# Lens choices for airshow



## GuyF (Aug 16, 2012)

Should be going to the Leuchars airshow on Sept 15th here in Scotland and, since it's the first airshow I'll have been to in over 20yrs, wondered about the best choice of lenses.

Main gear will be 5D3 plus 300mm 2.8 IS (and Kenko 1.4x TC) (without monopod as I think it would be too restrictive).

However now the problem starts - do I also take:

24-105mm for static stuff (B-52!!) and wider field of view flying shots (Red Arrows/Patrouille de France)

or

17-40mm for static aircraft _and_ 70-200mm f4 IS for Red Arrows/Patrouille de France?

No doubt some will say take it all but I want to travel as light as possible but not miss shots by leaving stuff at home. Bearing in mind I'll also be carrying food and water for a long day.

Next part of the question is: to ensure razor sharp shots of the flying displays am I better shooting at, say, f8 and let the 5d3 take care of the rest or shoot close to wide open to maintain high shutter speed and rely on the focus tracking of the 5D3 to keep up with fast jets?

Any opinions and airshow example shots would be appreciated.

Guy.


----------



## charlesa (Aug 16, 2012)

Would take the ultrawide and the 70-200 mm, although that might create issues by having to keep changing lenses constantly. For airshows I usually take fisheye, tilt-shift, 70-200 and 400 mm prime +/- 2x III TC.


----------



## Moody Blues (Aug 17, 2012)

I have had good success with the 70-200 and 1.4 ext. Airahows would be the perfect venue for the new 200-400!


----------



## rwmson (Aug 17, 2012)

I'm no pro, and the subjects are backlit, but there are some in-flight air show photos on my site:
http://spiritstudios.smugmug.com/Other/JBMDL-Air-Show/24572381_jbvWvZ
5D MK3, 70-200 IS USM II, Canon 2x TC, shot handheld


----------



## IIIHobbs (Aug 17, 2012)

GuyF said:


> Main gear will be 5D3 plus 300mm 2.8 IS and 1.4x TC
> 
> However - do I also take: 24-105mm for static stuff (B-52!!) and wider field of view flying shots or 17-40mm for static aircraft _and_ 70-200mm f4 IS
> 
> Next question: to ensure razor sharp shots of the flying displays am I better shooting at, say, f8 and let the 5d3 take care of the rest or shoot close to wide open to maintain high shutter speed and rely on the focus tracking of the 5D3 to keep up with fast jets?



I am heading to an Air Show here in NJ this weekend (weather permitting). I am taking the 300 f2.8 IS and will have the 1.4xII with me (not sure if I will need it though). The other lenses in my bag will be my 24 f1.4 and 135 f2 (I have no zoom lenses).

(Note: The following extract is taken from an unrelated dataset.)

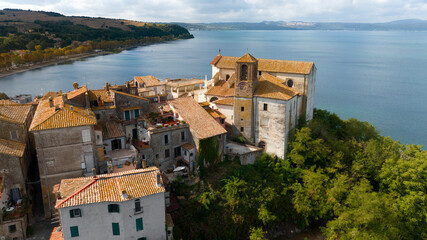 Aerial view of the collegiate church of Santa Maria Assunta in the historic center of Anguillara,in the metropolitan city of Rome, Italy. It's a Catholic church located on the shores of Lake Bracciano - obrazy, fototapety, plakaty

Based on past experiences I do not think you will need your 17-40 with the 5DIII. The 24-105 will get you plenty wide enough and also get you near enough to whatever is on the ground. The 70-200 is also not needed, you can always use the 300 for tight detail on the ground if you like.

The 300 alone will get you close enough to most of the air action; adding the 1.4x will allow you to get tighter on the smaller aircraft and skydivers, but tracking will become a bit more difficult.

As for aperture, on the ground, be as creative as you want, things are static. In the air, I think you will be better served by allowing the camera to decide for you, especially with the faster moving objects, the lighting and background conditions can change quickly. Being able to concentrate on the subject and allowing the camera to do the rest will increase the number of keepers.


----------



## bchernicoff (Aug 17, 2012)

100-400 is the airshow king. I know you don't own it, but that and the 24-105 would cover it.


----------



## rolsskk (Aug 17, 2012)

Don't rely upon the focus tracking, as at times it will fail you and momentarily lock onto something else at a crucial moment. You'll often find that the 300mm will be enough, and sometimes too much when a formation of aircraft flies overhead.


----------



## GuyF (Aug 17, 2012)

Many thanks for the comments. I think the 300 and 24-105 should cover all static and formation/solo flying. I guess the B-52 will call for a multi-shot panorama no matter what lens I take!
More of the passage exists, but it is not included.